Impfungen sorgen für Ärger

Weiterhin schleppend läuft die Impfkampagne auch auf den Balearen. Nachdem in dieser Woche weniger neue Impfdosen als geplant auf den Inseln angekommen sind, wurden vorrangig Bewohner von Seniorenheimen und deren Pfleger geimpft. Bis Sonntag (7.2.) sollen dort nun 7.617 Menschen die zweite Dosis erhalten haben und dann praktisch immun gegen das Virus sein, wie die stellvertretende Direktorin der Gesundheitsbehörde IB-Salut, Eugenia Carandell, erklärte. Ab dem 8. Februar werde dann damit begonnen, Pflegebedürftige zu impfen, die noch zu Hause leben. Insgesamt werde es noch mehrere Wochen dauern, bis das gesamte Gesundheitspersonal auf den Inseln geimpft sei.

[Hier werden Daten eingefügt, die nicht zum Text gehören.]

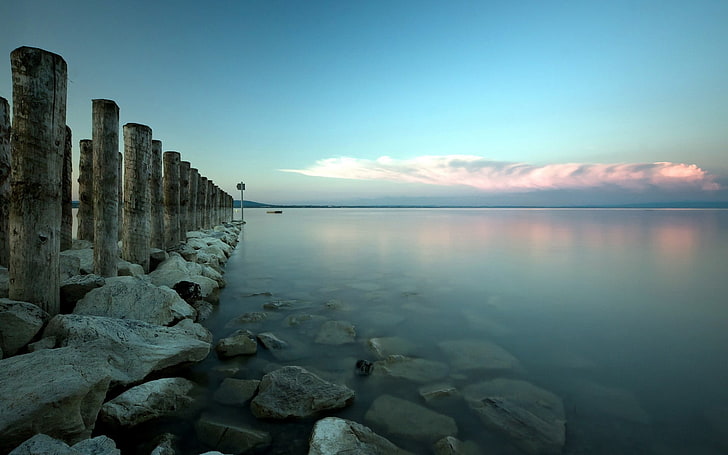 ทะเลสงบทะเล, วอลล์เปเปอร์ HD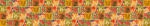 Dimex PAINTED TILES öntapadós konyhai poszter, 350x60 cm (KI-350-166)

Laut Carandell sind auf den Balearen bislang 35.460 Impfdosen von Pfizer-Biontech und 1.500 von Moderna angekommen. Davon seien 27.380 verimpft worden, was einer Quote von 73,1 Prozent entspricht.

Noch mehr Vordrängler?

Für reichlich Unmut sorgten zuletzt auch auf Mallorca Führungskräfte, die sich mutmaßlich zu früh impfen ließen. So erhielten drei leitende Mitarbeiter von IB-Salut bereits am ersten Tag der Impfungen am 27. Dezember 2020 ihre Dosis, darunter auch der Leiter der Impfkampagne auf den Inseln, Carlos Villafáfila. Eugenia Carandell stellte klar, dass alle drei häufigen Kontakt zu Seniorenresidenzen und somit Risikogruppen haben. Zusätzlich hätten sich an jenem Tag weniger Bewohner in den Seniorenheimen befunden als geplant, weil sie wegen der Weihnachtstage bei Angehörigen weilten. So waren Impfdosen übrig. Kritik kam von der Opposition, aber auch der Koalitionspartner der Sozialisten, Més, forderte eine Untersuchung. Gesundheitsministerin Patricia Gómez schloss am Mittwochabend einen Rücktritt der Führungskräfte aus.